Ia menyebutkan setidaknya terdapat dua isu hukum yang diakibatkan dari Permendagri No. 76 Tahun 2014.
 
“Pertama adanya perubahan titik koordinat 17 sampai dengan 28 dan hilangnya pilar batas utama 01 sampai dengan 10 yang berdampak berkurangnya cakupan wilayah Musi Banyuasin, penetapan titik koordinat harus mendapatkan persetujuan, usulan perubahan tidak melibatkan pihak terdampak, penetapan perubahan dilakukan dalam masa demisioner, dan perubahan berdampak kepada berbagai izin usaha yang telah ada,” katanya. 
 
Menurut pandangan nya, permasalahan batas wilayah itu memerlukan komunikasi politik dengan kemauan yang besar serta sosok yang dapat melakukan nya ialah putra daerah Sumsel yang memiliki power untuk membangun komunikasi tersebut.
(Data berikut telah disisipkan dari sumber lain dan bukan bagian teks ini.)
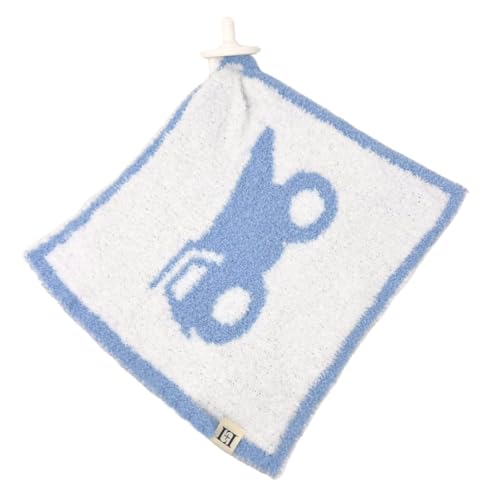 Image of L+L USA Construction Dump Truck Baby Lovey Pacifier /Teether Holder 10 inchx10 inch - DreamSoft Plush Fluffy Cuddly Soothie Reversible Mini Comfort Blanket Newborn Gift Essential Babies Boys (Steel Blue /White)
Sehingga permasalahan bisa terselesaikan, meskipun tentu membutuhkan waktu yang panjang. 
 
Permasalahan batas wilayah itu sudah berlangsung sejak sekitar tahun 2015 dan beberapa komunikasi politik yang dibangun namun tidak berjalan maksimal, oleh karena itu perlu komunikasi politik dengan melibatkan sosok dimaksud agar bisa terselesaikan permasalahan. 
 
Sementara Direktur Eksekutif KJ Institute Dr. Ahmad Redi menjelaskan bahwa tujuan utama diskusi publik sebagai sebagai bentuk respon atas terjadinya polemik batas wilayah antara Kabupaten Musi Banyuasin dengan Kabupaten Musi Rawas Utara 
Provinsi Sumatera Selatan, pasca terbitnya Peraturan Menteri Dalam Negeri No. 76 Tahun 2014 tentang batas daerah Kabupaten Musi Banyuasin dengan Kabupaten Musi Rawas Utara Provinsi Sumatera Selatan 
 
“Diharapkan dengan adanya diskusi publik ini dapat pengaturan dan pengelolaan batas daerah, juga diharapkan dapat memberikan rekomendasi yang konstruktif untuk penyelesaian masalah terkait serta perbaikan kebijakan di masa  depan," katanya.